The Upland City Council voted 3–2 on May 11 to introduce by title a restored mobile‑home rent‑review ordinance that returns long‑standing protections for residents but substitutes the revised ordinance’s transfer provision allowing larger rent adjustments at change of ownership.
City Manager Michael Blay opened the agenda item by acknowledging staff errors that led to the ordinance’s prior repeal and urging the council to correct that mistake. “I did a poor job of informing the council of all of the elements of this rescinded ordinance,” Blay said, adding, “I’m responsible for this situation we're in tonight.” His statement preceded a lengthy public comment period during which residents and park representatives urged contrasting outcomes.
Resident speakers told the council the rescission removed a promise long held by mobile‑home owners who own their homes but lease the land. “This so close to Mother's Day, look around the room. Many of the people affected by this decision are your mothers, your grandmothers, your neighbors,” said a resident who asked the council to “support exhibit A,” the stronger restoring option. Park managers and owners warned of sharply rising costs, aging infrastructure and the risk that parks could be sold or redeveloped if revenues remain insufficient. Brian Bender, general manager of El Dorado Mobile Home Park, said the park’s average space rent is about $840 and that insurance and other costs have increased dramatically in recent years.
Development Services Director Robert (Bob) Dahlquist told the council staff prepared two draft ordinances for consideration: a restoring ordinance that largely reinserts the prior Chapter 5.68 with procedural updates, and a revised ordinance that reorganizes administration and expands the mechanics for obtaining a fair rate of return. Dahlquist told the council the city has six mobile‑home parks with roughly 869 spaces and summarized core provisions that will remain common to both drafts: an annual CPI‑linked cap, a fair‑rate review process for larger increases tied to operating and capital needs, vacancy control language and an appeals/hearing mechanism.
Council members spent more than an hour debating whether to promptly reinstate the protections residents lost or take additional time to seek a negotiated memorandum of understanding. A substitute motion that would introduce the restoring ordinance but replace its vacancy/transfer section with the revised ordinance’s transfer language — effectively preserving protections for current residents while allowing higher rent resets at change of ownership — was moved and seconded. The measure passed on a 3–2 vote; the clerk announced the motion carried and the council waived further reading.
The council did not record roll‑call votes by name in the public record during the motion, only the final tally of three in favor and two opposed. Council members noted that the ordinance’s procedural introduction triggers a posting period and administrative steps; one council member said the ordinance’s posting process requires 30 days before certain changes fully take effect.

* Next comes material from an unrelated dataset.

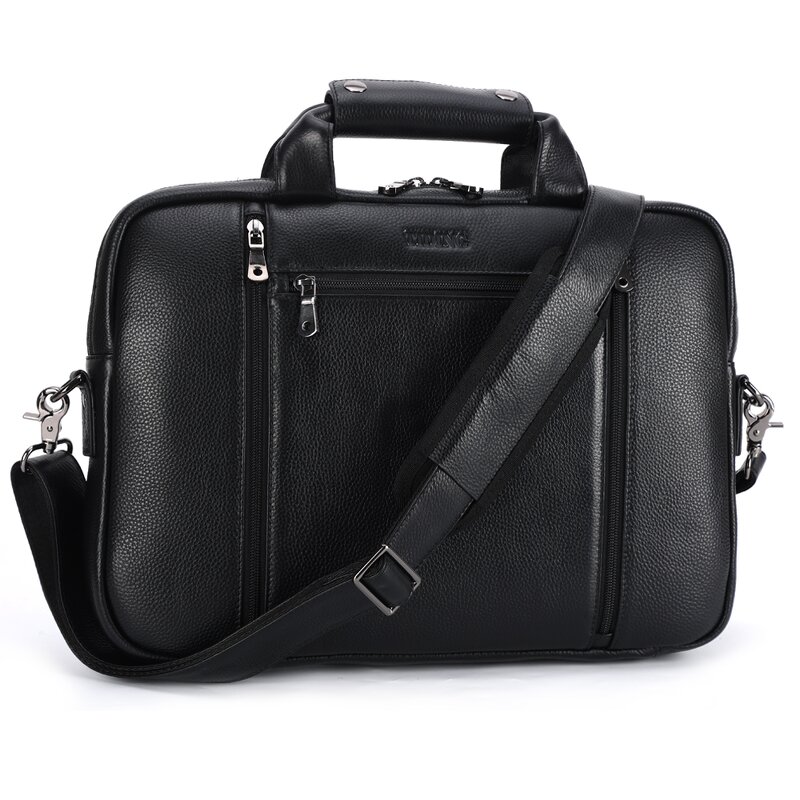 Leather Laptop Briefcase Supplier - Wholesale Large Black Capacity Genuine Business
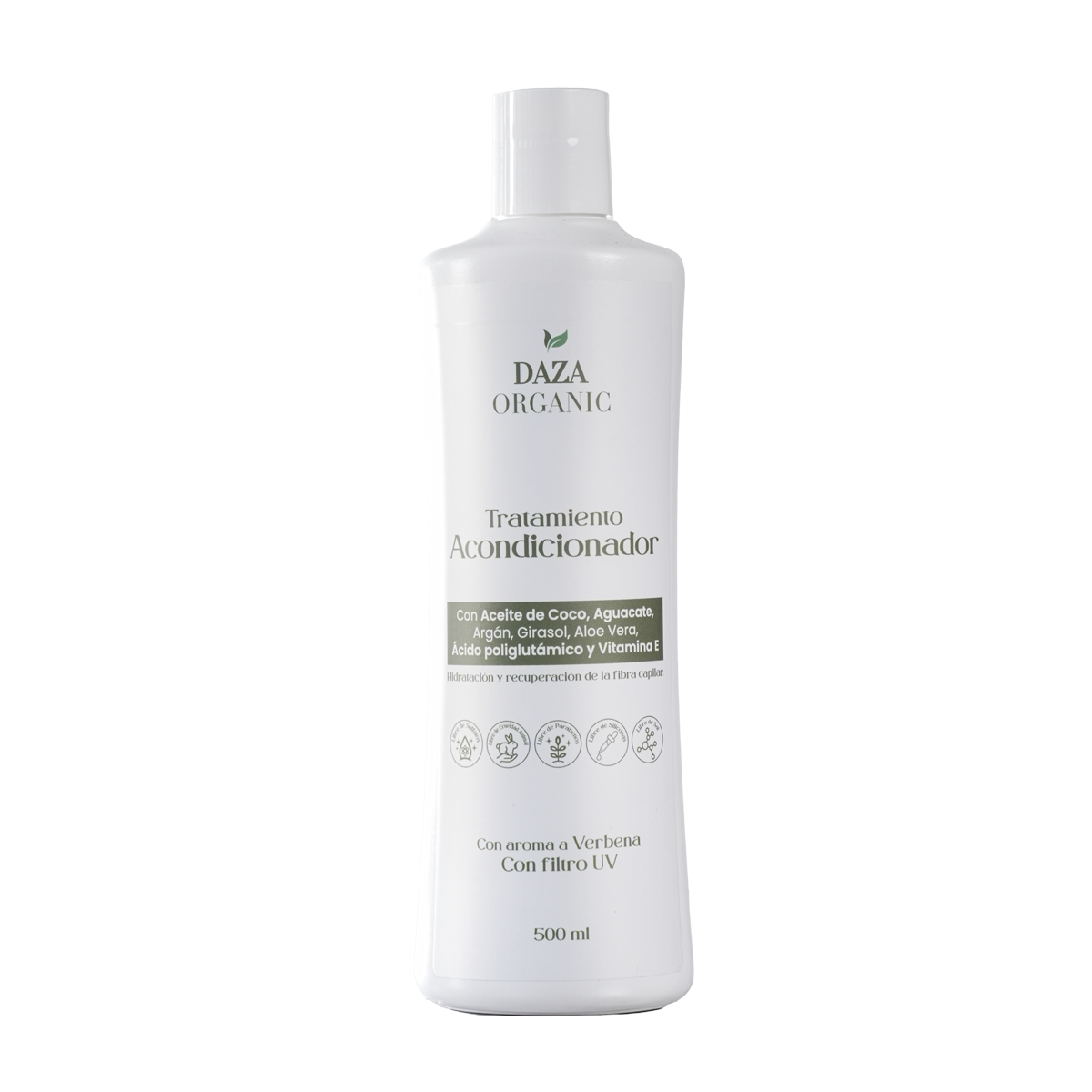 Frasco del Tratamiento Acondicionador de Daza Organic, de 500 ml, con aroma a verbena y filtro UV.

What the ordinance does and does not do: It restores a local rent‑review framework that allows a base cap tied to CPI while preserving a process for park owners to seek increases above that cap when they can demonstrate capital needs, utility cost pass‑throughs or other operating pressures. The substitute language modified the vacancy/transfer protection so that new purchasers may be subject to market rate at turnover in certain circumstances; the draft retains exclusions for transfers to a conservator, guardian, trustee, interspousal or parent/child transfers as described by staff.
Next steps: The council introduced the ordinance by title only (first reading) and will follow the city’s ordinance process for subsequent readings, posting and implementation. Staff said the ordinance drafts and the staff report will remain available on the city website for public review. The council recessed after the vote and moved to subsequent agenda items.
Reporting note: Quotes and attributions in this article are drawn from the city council meeting transcript and public comment provided at the May 11 meeting.